WHAT YOU ARE ASKED TO DO: The result should be the listing below, restated exactly, with its pictures left out.

COLLECTED MATERIAL:

• • •

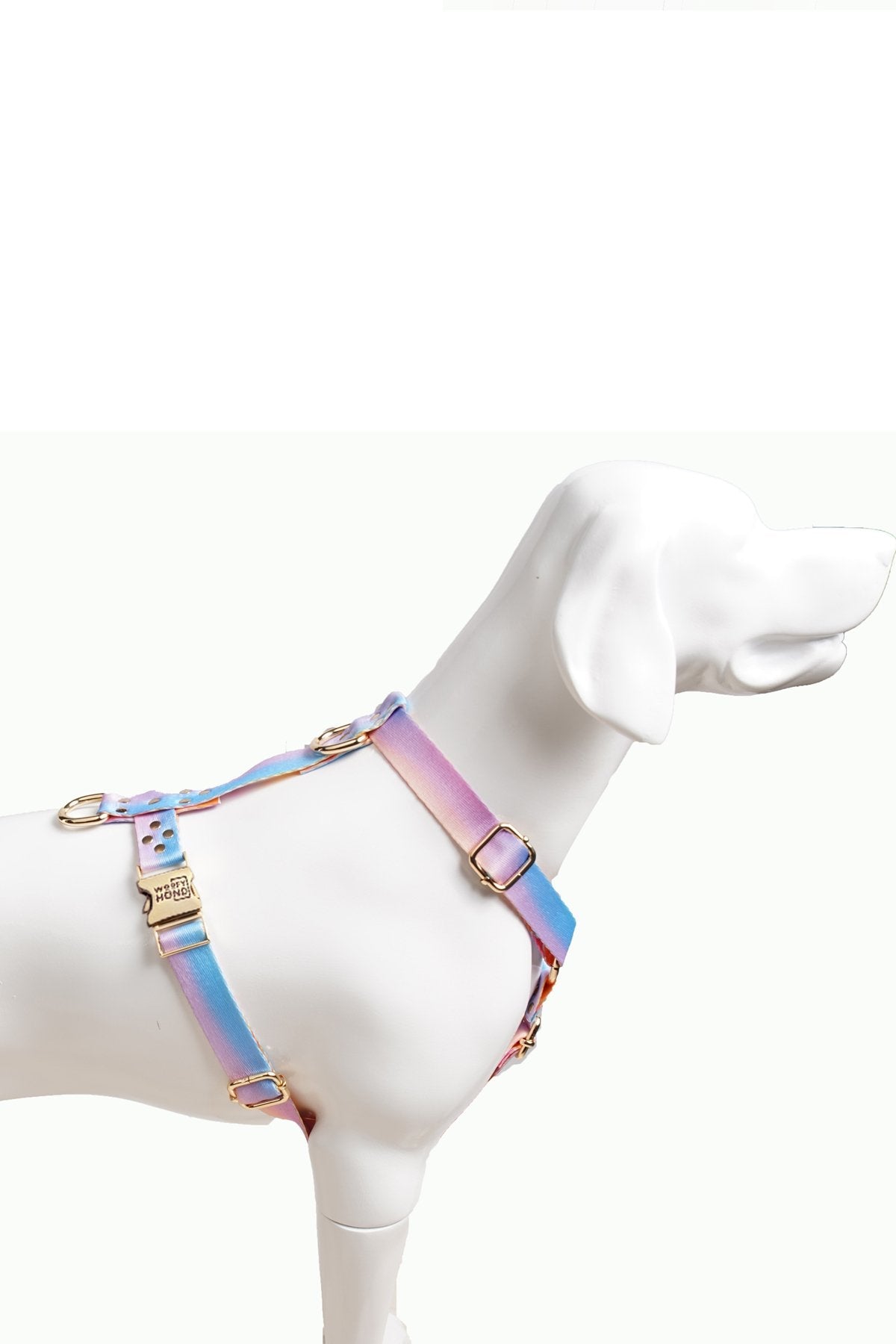 Harness Aurora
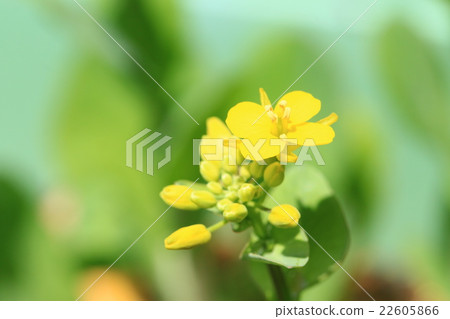 Komatsu rape blossoms ♪ 22605866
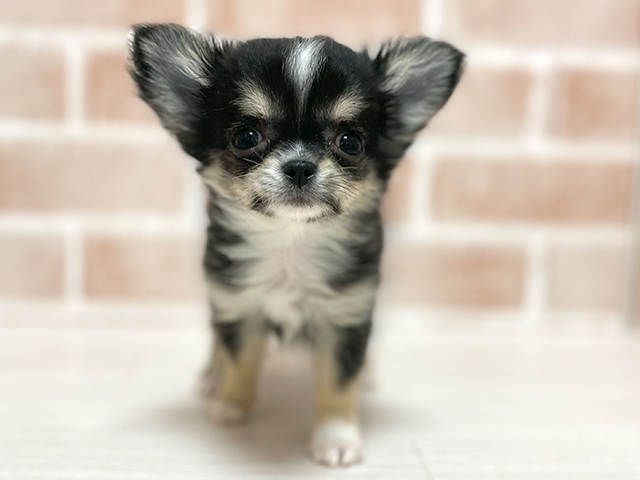 大阪府のチワワ(ロング) (ペッツファースト高槻店/2025年12月8日生まれ/男の子/ブラックタンホワイト)の子犬の1枚目の画像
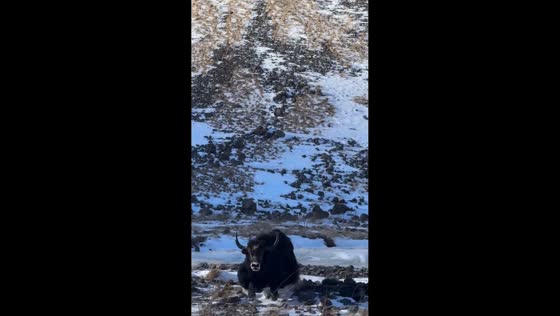 Aggressive yak encountered on mountain road in North Ossetia-Alania, Russia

• • •

FINISHED TASK:
 Harness Aurora
 Komatsu rape blossoms ♪ 22605866
 大阪府のチワワ(ロング) (ペッツファースト高槻店/2025年12月8日生まれ/男の子/ブラックタンホワイト)の子犬の1枚目の画像
 Aggressive yak encountered on mountain road in North Ossetia-Alania, Russia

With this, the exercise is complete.